Henri François Adolphe Bauër (born March 17, 1851 in Paris , † October 21, 1915 ibid), who exclusively used the name Henry Bauër in literary life , was a French journalist . As a 19-year-old he fought for the Paris Commune , including as an officer of the Commune troops in the bloody week of May, and was exiled to New Caledonia for a total of seven years after the uprising was put down . On his return he achieved an influential position as a theater critic and journalist in the Paris newspaper L'Écho de Paris . There he campaigned massively for newer literature, especially for naturalism . Among other things, he supported Émile Zola both in his literary ambitions and in the Dreyfus affair and was one of the few supporters of Alfred Jarry's drama King Ubu .

Life

Origin and youth

Bauër came from a love affair between Alexandre Dumas the Elder and Anna Bauër, a German Jew from Baden , the wife of the Austrian sales representative Karl-Anton Bauer (who wrote himself in France with the Trema -ë). The illegitimate child grew up alone with the mother after Antoine Bauër emigrated to Australia. Anna Bauër proved to be a successful businesswoman and was able to support her son financially throughout his life.

Henry Bauër attended the Lycée Louis-le-Grand in Paris and then enrolled to study law and medicine, which he did not pursue with determination. He moved in the bohemian of the Latin Quarter , read Proudhon and joined increasingly revolutionary circles. In connection with the organization of or participation in public events, he came into conflict with the judiciary of the Second Empire several times . In the course of 1870 he was sentenced to several months in prison for various political activities (riot, holding public meetings without authorization, libel, etc.), but on the day the republic was proclaimed, September 4, 1870, Bauër was killed by one demonstrating crowd exempted.

After France declared war on Germany on July 19, 1870, Bauër volunteered for military service. Before he was called up, he joined the National Guard .

Fighters for the Commune

Portrait circa 1871, from the “Siege and Commune of Paris” collection of Northwestern University

After his participation in the demonstrations of October 31, 1870, Bauër was arrested again. In prison, he shared a cell with Gustave Flourens , a later leader of the Paris Commune, who impressed him greatly, as he reports in his memoir.
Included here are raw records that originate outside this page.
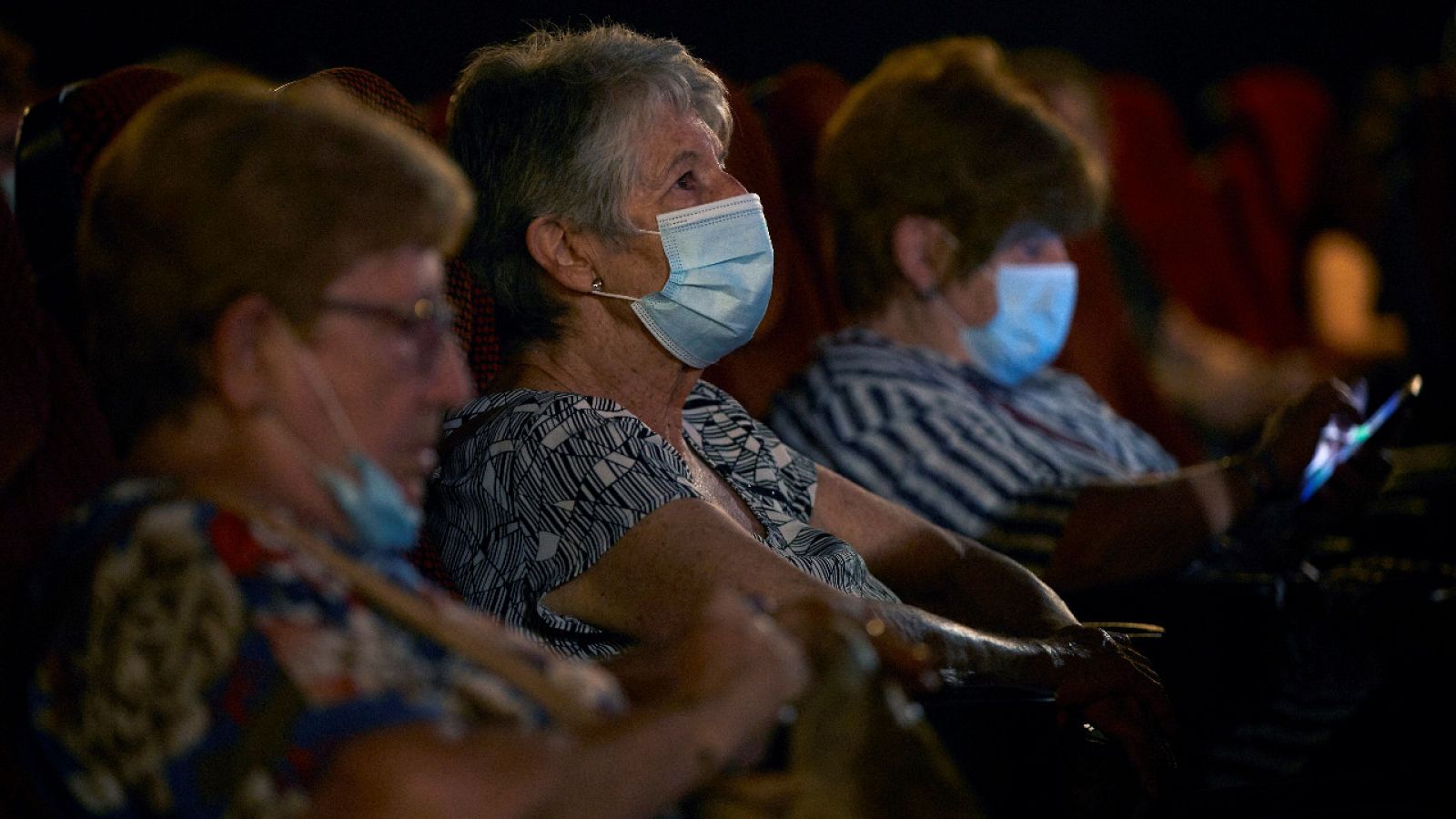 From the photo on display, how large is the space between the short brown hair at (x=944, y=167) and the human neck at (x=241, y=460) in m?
1.52

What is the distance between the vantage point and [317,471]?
3.10 feet

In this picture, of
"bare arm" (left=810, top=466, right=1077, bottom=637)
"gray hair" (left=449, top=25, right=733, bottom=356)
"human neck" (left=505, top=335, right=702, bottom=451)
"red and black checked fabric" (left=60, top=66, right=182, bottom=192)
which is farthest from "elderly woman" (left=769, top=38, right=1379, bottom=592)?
"red and black checked fabric" (left=60, top=66, right=182, bottom=192)

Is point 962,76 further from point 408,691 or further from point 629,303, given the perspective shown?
point 408,691

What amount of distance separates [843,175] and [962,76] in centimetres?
25

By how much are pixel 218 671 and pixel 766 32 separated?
407cm

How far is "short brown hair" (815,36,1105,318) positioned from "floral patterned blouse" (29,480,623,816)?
1.53 meters

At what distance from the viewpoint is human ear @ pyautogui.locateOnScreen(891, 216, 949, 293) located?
2.31 meters

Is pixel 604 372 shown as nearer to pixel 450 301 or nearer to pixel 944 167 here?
pixel 450 301

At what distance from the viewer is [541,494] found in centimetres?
142

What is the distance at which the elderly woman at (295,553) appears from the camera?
82cm

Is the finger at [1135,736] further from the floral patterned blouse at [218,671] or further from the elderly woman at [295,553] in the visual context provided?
the floral patterned blouse at [218,671]

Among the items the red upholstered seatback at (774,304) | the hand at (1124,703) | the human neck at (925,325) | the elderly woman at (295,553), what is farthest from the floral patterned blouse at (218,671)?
the human neck at (925,325)

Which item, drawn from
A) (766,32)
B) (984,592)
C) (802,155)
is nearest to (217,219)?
(984,592)

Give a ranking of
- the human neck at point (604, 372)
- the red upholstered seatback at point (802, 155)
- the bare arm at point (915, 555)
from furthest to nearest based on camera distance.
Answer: the red upholstered seatback at point (802, 155) → the bare arm at point (915, 555) → the human neck at point (604, 372) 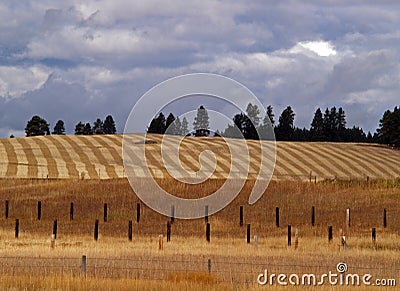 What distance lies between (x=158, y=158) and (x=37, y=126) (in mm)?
68091

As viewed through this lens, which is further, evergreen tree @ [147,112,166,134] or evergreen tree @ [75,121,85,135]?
evergreen tree @ [75,121,85,135]

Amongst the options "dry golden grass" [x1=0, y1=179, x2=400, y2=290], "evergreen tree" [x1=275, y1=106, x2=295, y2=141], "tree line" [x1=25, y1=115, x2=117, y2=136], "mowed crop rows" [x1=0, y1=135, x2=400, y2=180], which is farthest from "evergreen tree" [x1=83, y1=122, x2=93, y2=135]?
"dry golden grass" [x1=0, y1=179, x2=400, y2=290]

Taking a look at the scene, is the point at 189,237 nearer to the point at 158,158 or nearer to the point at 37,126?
the point at 158,158

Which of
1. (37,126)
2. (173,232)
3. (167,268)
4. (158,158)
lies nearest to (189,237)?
(173,232)

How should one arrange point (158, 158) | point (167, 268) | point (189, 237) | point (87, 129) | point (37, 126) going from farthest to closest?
point (87, 129), point (37, 126), point (158, 158), point (189, 237), point (167, 268)

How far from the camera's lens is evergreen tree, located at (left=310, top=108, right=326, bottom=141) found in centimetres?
14988

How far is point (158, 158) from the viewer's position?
81938 mm

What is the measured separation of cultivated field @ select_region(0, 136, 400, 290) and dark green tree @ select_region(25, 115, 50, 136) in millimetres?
61755

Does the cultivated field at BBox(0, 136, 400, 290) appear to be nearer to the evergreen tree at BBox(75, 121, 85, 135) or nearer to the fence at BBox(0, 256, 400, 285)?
the fence at BBox(0, 256, 400, 285)

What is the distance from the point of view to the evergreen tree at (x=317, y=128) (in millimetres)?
149875

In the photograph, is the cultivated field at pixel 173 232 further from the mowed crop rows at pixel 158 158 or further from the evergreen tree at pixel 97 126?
the evergreen tree at pixel 97 126

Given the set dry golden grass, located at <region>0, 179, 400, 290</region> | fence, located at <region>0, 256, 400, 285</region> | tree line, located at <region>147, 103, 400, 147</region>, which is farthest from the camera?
tree line, located at <region>147, 103, 400, 147</region>

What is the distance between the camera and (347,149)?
104750 millimetres

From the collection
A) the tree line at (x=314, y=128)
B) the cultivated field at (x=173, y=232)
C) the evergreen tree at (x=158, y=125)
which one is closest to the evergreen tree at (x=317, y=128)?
the tree line at (x=314, y=128) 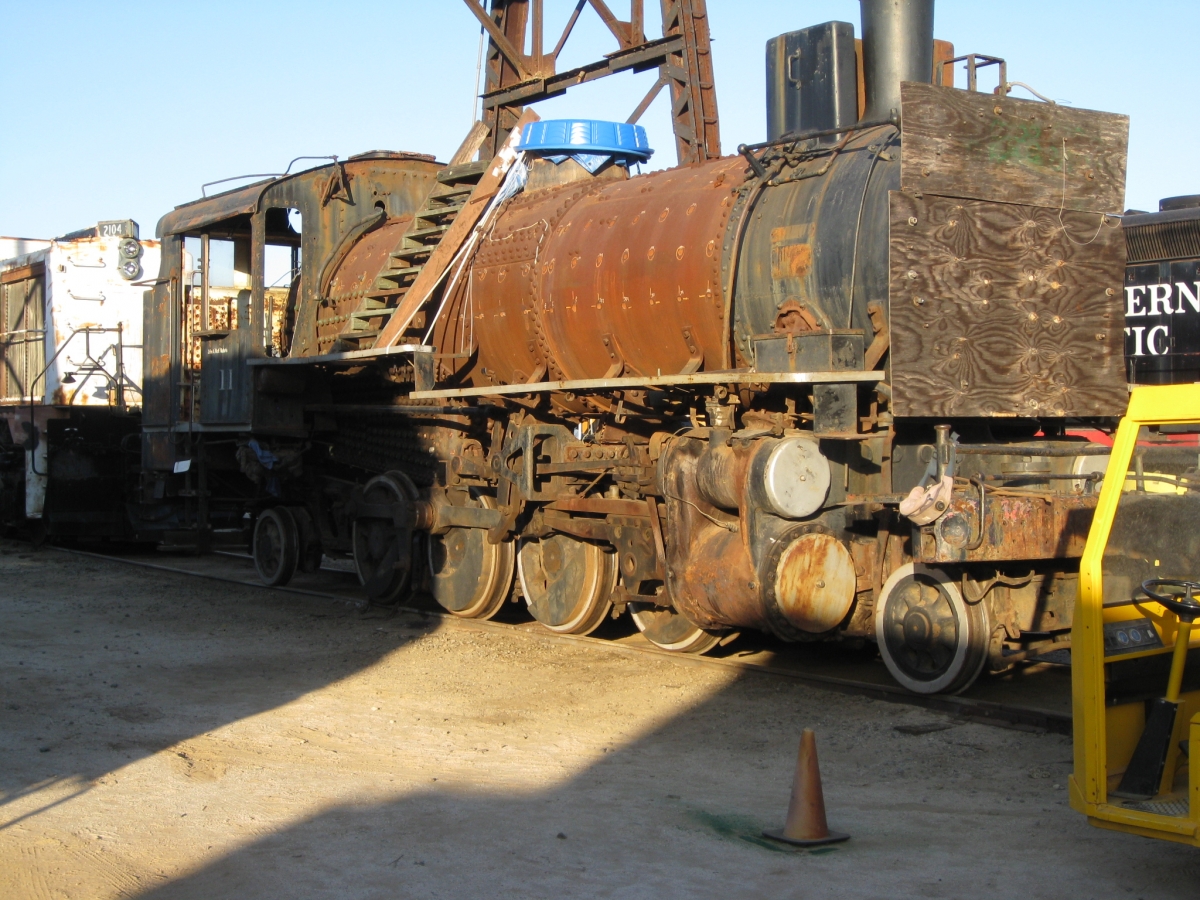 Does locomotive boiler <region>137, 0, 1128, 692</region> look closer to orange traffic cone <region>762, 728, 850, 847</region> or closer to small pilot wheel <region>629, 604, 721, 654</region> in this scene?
small pilot wheel <region>629, 604, 721, 654</region>

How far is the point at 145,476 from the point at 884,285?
9.53 metres

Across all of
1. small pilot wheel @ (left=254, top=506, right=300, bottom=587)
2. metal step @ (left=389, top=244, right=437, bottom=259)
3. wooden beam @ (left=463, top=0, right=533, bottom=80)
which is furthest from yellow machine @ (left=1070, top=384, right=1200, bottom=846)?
wooden beam @ (left=463, top=0, right=533, bottom=80)

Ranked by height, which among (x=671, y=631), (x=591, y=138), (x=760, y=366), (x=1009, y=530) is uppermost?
(x=591, y=138)

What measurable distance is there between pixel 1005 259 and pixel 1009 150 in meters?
0.58

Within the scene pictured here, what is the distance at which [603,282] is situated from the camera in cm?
801

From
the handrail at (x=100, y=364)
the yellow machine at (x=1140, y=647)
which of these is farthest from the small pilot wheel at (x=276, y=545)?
the yellow machine at (x=1140, y=647)

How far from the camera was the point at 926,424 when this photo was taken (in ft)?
22.6

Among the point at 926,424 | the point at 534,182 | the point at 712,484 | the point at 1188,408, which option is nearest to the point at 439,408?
the point at 534,182

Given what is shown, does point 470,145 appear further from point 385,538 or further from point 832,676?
point 832,676

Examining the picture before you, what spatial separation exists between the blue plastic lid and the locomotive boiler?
24mm

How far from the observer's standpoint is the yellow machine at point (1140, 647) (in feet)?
13.1

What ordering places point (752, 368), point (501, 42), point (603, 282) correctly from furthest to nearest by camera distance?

National Guard units liberated him on the night of January 21st to 22nd, 1871. He then began to write for various revolutionary newspapers, in particular the Cri du Peuple published by Jules Vallès . For these contributions he chose the name "Henry Bauër" as his signature, which he kept throughout his life. In his articles, the nineteen-year-old criticized the surrender of the French armed forces and took sides with the forces of the working class, for example in the contribution Les jeunes (German: The Boys) of February 23, 1871:

“With all this shame and all these renegades, only one party has remained loyal to its fighting post: that is the party of the workers, that is the party of the disinherited, that is the party of the future. It must be ours for us who are twenty years old. "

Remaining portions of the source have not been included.